Segment Start: Data extract
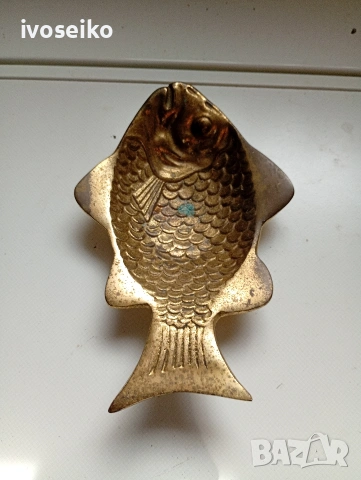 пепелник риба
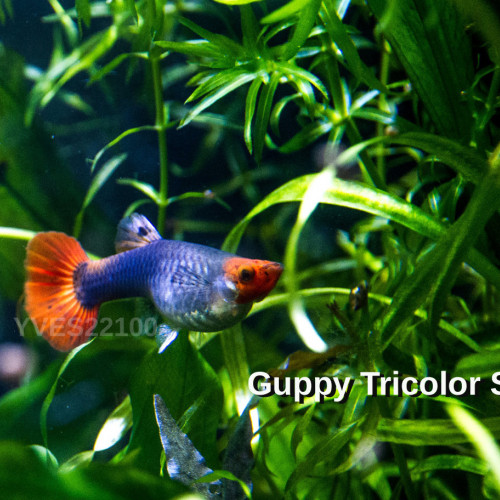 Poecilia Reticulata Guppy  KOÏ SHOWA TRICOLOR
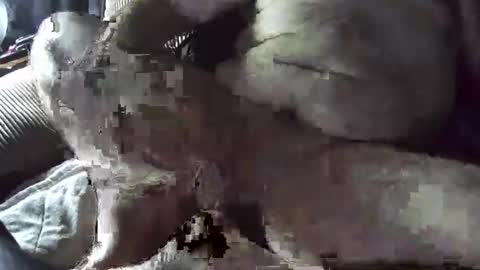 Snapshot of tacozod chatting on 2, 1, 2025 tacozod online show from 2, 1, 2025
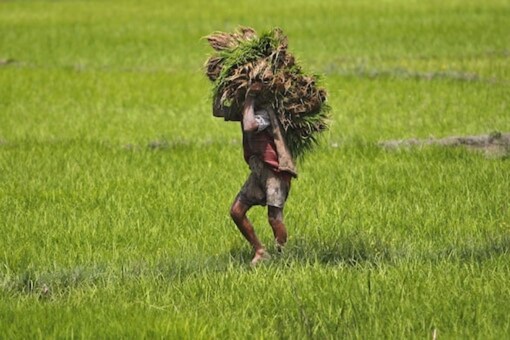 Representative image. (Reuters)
Segment End: Data extract
Exercise details — Copy every line above word for word and exclude the pictures.

Output of the exercise —
 пепелник риба
 Poecilia Reticulata Guppy  KOÏ SHOWA TRICOLOR
 Snapshot of tacozod chatting on 2, 1, 2025 tacozod online show from 2, 1, 2025
 Representative image. (Reuters)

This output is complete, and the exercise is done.